Old Dominion shipping

…yea or nay, from folks with 1st hand experience…thanks.

THUMBS UP
I used Old Dominion to get Sally’s Trylon Hurricane Tracer here from South Carolina several years back, and they worked fine. Get Outdoors, South Carolina, wrapped the boat in multiple layers of bubble wrap, below a final later of cardboard, and taped each layer with heavy duty packing tape. The boat is made of Hurricane’s proprietary vacu-formed thermoplastic, pretty tough stuff, and it arrived looking good, no scratches, dents, or flaws. The cost was lower than several other freight companies I inquired about, with a couple not wanting to ship a kayak, period.



Back then, the only drawback was that Old Dominion didn’t ship to residences, but we were lucky, and the law offices in the house next door accepted it for me and had the boat dropped in their side yard, where I picked it up before Sally got home and put it in the back yard as her surprise Christmas present.



I don’t know what their residential delivery policies are now, but if that’s not a problem, I’m happy recommending them to ship at least a plastic boat in which to



PADDLE ON!



-Frank in Miami

Good Experience
I was a while ago, but there were no problems. It was easy enough to pick it up at their warehouse.

Shipped my kayak last year

– Last Updated: May-18-13 2:03 PM EST –

QCC used them to ship me my new kayak last August. I assume kayak was packaged by QCC. It arrived in great shape. Only minor problem was the front office at pickup wanted me to sign that the kayak was ok before they would let me unpack it.
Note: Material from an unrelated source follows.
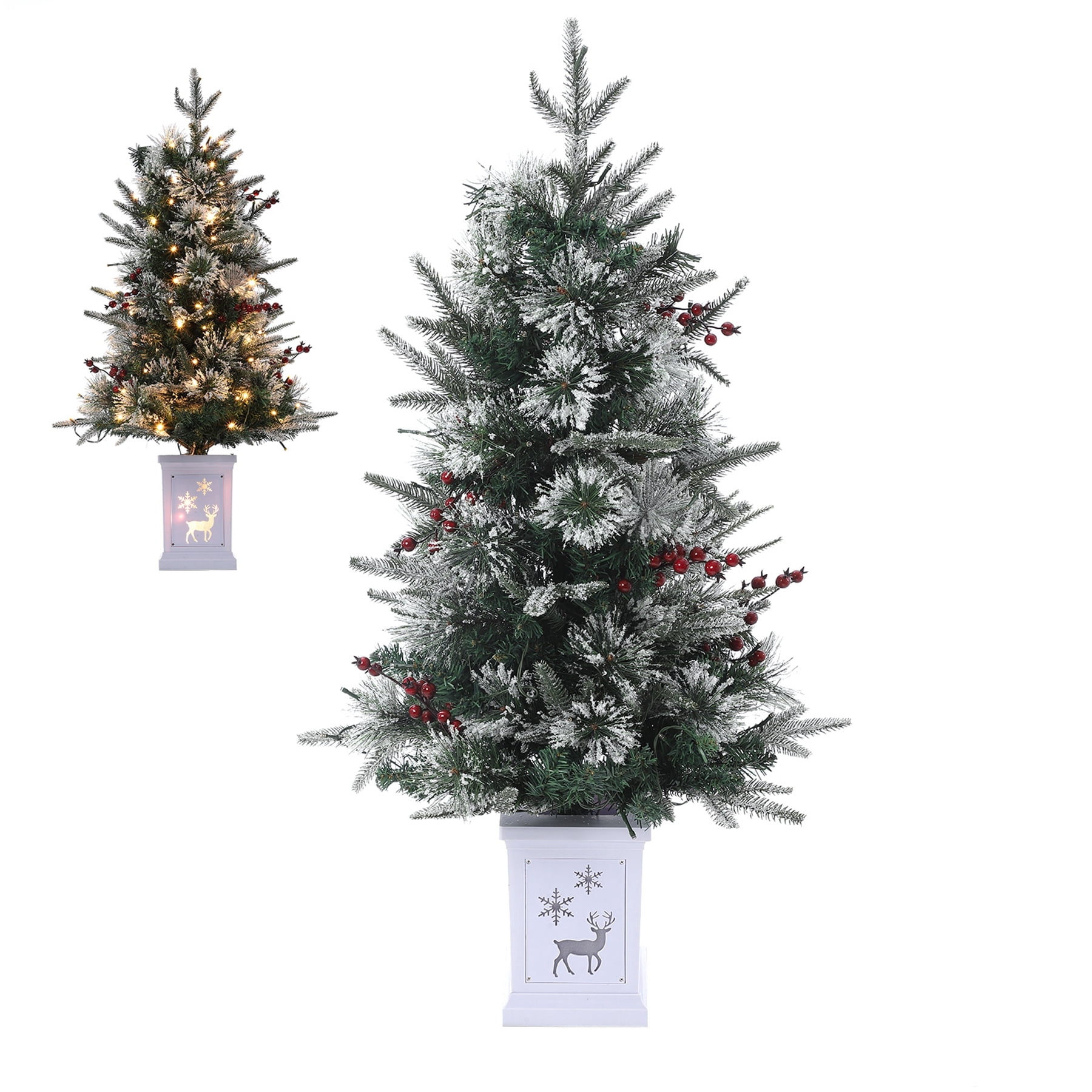 Aoile 3FT PreLit Christmas Entryway Tree with Snow Flocked Branches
I didn't want to sign for it until I knew the kayak was ok.

thumbs up 2 times
Factory packaging only (wrapped in heavy plastic sheeting , inside of plastic bag). One poly boat, one thermoformed boat, neither one damaged. Delivery to a business is generally $50 cheaper.

Both boats were delivered in winter time, so one disclaimer, I think heat damage could be a consideration as neither boat was supported properly when I saw them in the trailer prior to unloading. Semi trailers get HOT.